TENET テネット(クリストファー・ノーラン)

 (ネタバレです。)『ダークナイト』や『ライジング』の冒頭の異様な緊張感を全編に引き伸ばした感じで面白かった。でも物語自体は目的を達成するための支障を解消するための支障を解消するための…みたいに迂回に迂回を重ねるので※、迂遠な上に平仄が合ってなかったと思う。

 それと、ノーラン節と個人的に呼んでいるのだけど、「これって観客にもうちょっと説明が必要かな」と思ったらなまじ律儀に説明を入れるものだから、省略されたほかの要素とのバランスが悪くて浮いちゃうために、徒に深遠な意図があるように見える、というクセがあるんですよね。

 その割に、逆行者の設定はこうです息ができないんです、と説明した端から、あれ?キャットとセイターは普通に会話してたよね?みたいなアラが出てくるし…大体、正常な世界からみたらフィルムの逆回しみたいな物理法則で活動している存在と戦うのは双方にとって不可能だと思うんですよね。会話ならもっと無理じゃない?

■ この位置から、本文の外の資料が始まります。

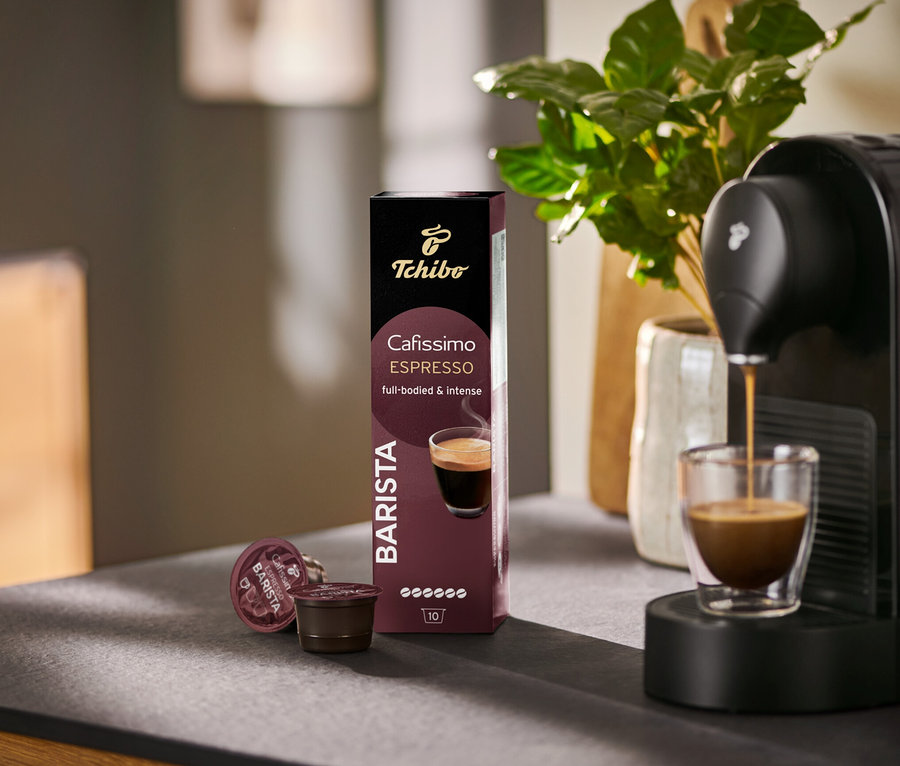 Eszpresszó folyik egy Cafissimo BARISTA kávéfőzőből egy pohárba, mellette egy csomag 10 kávékapszula.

 そこはそれ、そういう設定なんです、考えずに感じてくださいと冒頭で予防線を張ってるからそれはさて置くしかないのだろうけれど。ともあれ端的に言って、主人公2人(とあえて言いますが)による「まどかマギカ」だったってことですね。(よくある設定ではあるけれど、研究熱心なノーランだから本当に参照してる可能性があるな。)実はそれ以上に連想したのが、決定論的な世界観ということであれば、『ドラえもんのび太の大魔境』の「先取り約束機」でした。助けに行かないという選択は取りうるけどあり得ないという点で。

☆☆☆1/2

※ SF的な時間軸の複雑さのことでなく、悪役セイターに接近するためにフリーポートに潜入してブツを入手する、みたいなところですね。主人公でなくても、あれ、今俺何してるんだっけ?ってなるよね。まあ007的なスパイアクションがそもそも「お使い」の物語構造を取っていることを批評的に描いているのだと好意的に受け止められなくもないけど…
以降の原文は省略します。